One can interpret this from various perspectives, but allow me to propose for reflection, for this Sunday’s Gospel, the Parable of the Final Judgment in Matthew 25: 31-46 for the Feast of All Souls.
Begin with the end
This parable’s message is simple. At the end of one’s journey, our life will be measured only one way: Did we live a life of compassion?
Let me add context to our reflection. “Seven Habits” guru Stephen Covey talks of always beginning with the end in mind.
Part of the tradition of a monastic order is placing a skull in the room of monks as a reminder of one’s mortality. Another tradition is seeing the image of monks slowly digging their own grave.
These may seem morbid, but there is wisdom when we begin with the end in mind.
However, we also need to understand that there is more to life than death as its ending; there is meaning in death when one lives life with meaning.
In one of our reflections three years ago, we told the story of a young Jesuit saint who was asked, while playing a game similar to handball, what he would do if he found out he was going to die soon.
His reply: “I will do what I am doing now.”
Repentance and forgiveness are graces always available to us to the very end; but these do not really make for an inspired life, if our end is simply all about repentance and asking for forgiveness.
Rather, the ideal end is the image in today’s Gospel: “Come, you who are blessed by my Father. Inherit the kingdom prepared for you… For I was hungry and you gave me food, I was thirsty and you gave me drink… (Mt 25: 34-35)
Fr.

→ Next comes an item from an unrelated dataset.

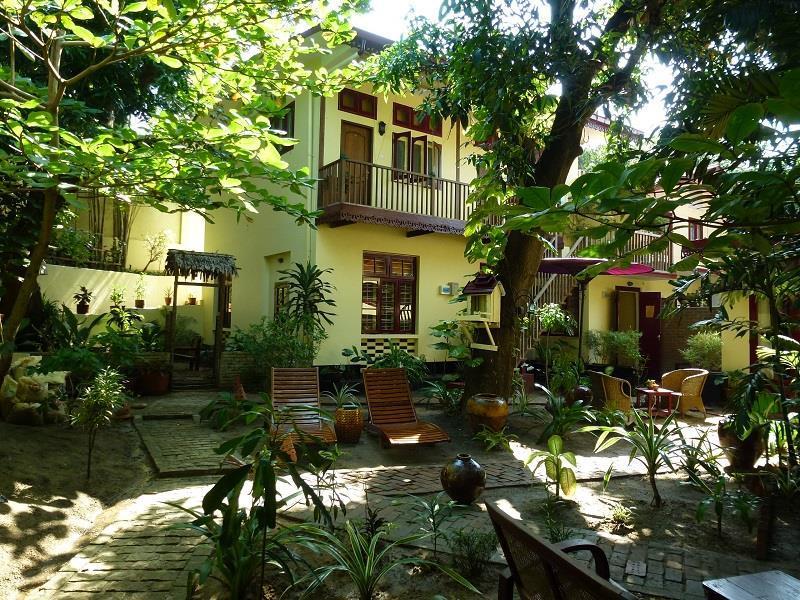 יאנגון Alamanda Inn, Boutique Hotel And French Restaurant מראה חיצוני תמונה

Joe Galdon, SJ, taught us in Jesuit Juniorate class that compassion must be second nature to us, a way of life, if it is to be authentic.
Compassion also means to enter the chaos of another person, and within it help the other make meaning out of the chaos—to heal and reintegrate, be whole and rediscover meaning.
When I was a young boy, I used to stay with my grandparents on weekends and summer vacation.
My grandfather was an old-school government employee. He was very nationalistic and down to earth.
My grandmother was very religious and frugal. Perhaps because of her frugality, she tended to be hard on the household staff.
One night, my grandfather, who rarely stood up during meals, went to the kitchen to get something. Then he stormed back to the dining room, furious at my grandmother.
“How many times must I tell you that our staff must eat the same food we eat? If not, it is either we have become too selfish or we cannot afford what we are eating,” he huffed in Filipino.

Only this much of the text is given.